(Provided information Opens)

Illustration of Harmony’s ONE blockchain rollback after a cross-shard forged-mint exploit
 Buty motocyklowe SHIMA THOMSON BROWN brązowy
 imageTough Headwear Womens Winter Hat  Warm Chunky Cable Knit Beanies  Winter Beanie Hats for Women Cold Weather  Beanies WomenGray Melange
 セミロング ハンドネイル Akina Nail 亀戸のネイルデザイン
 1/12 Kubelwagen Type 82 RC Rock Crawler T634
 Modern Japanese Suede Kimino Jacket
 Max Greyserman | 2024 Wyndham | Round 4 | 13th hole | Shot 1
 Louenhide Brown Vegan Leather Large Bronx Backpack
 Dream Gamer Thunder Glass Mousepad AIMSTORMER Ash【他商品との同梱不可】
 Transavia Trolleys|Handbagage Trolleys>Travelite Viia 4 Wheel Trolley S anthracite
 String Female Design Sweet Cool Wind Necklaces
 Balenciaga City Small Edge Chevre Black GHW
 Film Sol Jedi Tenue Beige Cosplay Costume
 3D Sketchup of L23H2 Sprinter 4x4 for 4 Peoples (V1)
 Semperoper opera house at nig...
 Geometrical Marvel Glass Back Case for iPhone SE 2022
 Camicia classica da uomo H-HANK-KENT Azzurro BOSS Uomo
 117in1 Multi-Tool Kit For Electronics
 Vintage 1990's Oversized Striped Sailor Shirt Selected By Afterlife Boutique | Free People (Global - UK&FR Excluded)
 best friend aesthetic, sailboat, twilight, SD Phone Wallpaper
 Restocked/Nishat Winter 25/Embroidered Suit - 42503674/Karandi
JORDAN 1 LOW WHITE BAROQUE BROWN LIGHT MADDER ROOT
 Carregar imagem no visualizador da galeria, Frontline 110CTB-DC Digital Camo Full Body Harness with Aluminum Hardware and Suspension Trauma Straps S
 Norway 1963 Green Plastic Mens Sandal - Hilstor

(Provided information Closes)

Copy only this part of the entries above: the line with "Balenciaga City Small Edge Chevre Black GHW", the line with "Camicia classica da", and the lines between, all exactly as written.

■ **Exercise solution**:
 Balenciaga City Small Edge Chevre Black GHW
 Film Sol Jedi Tenue Beige Cosplay Costume
 3D Sketchup of L23H2 Sprinter 4x4 for 4 Peoples (V1)
 Semperoper opera house at nig...
 Geometrical Marvel Glass Back Case for iPhone SE 2022
 Camicia classica da uomo H-HANK-KENT Azzurro BOSS Uomo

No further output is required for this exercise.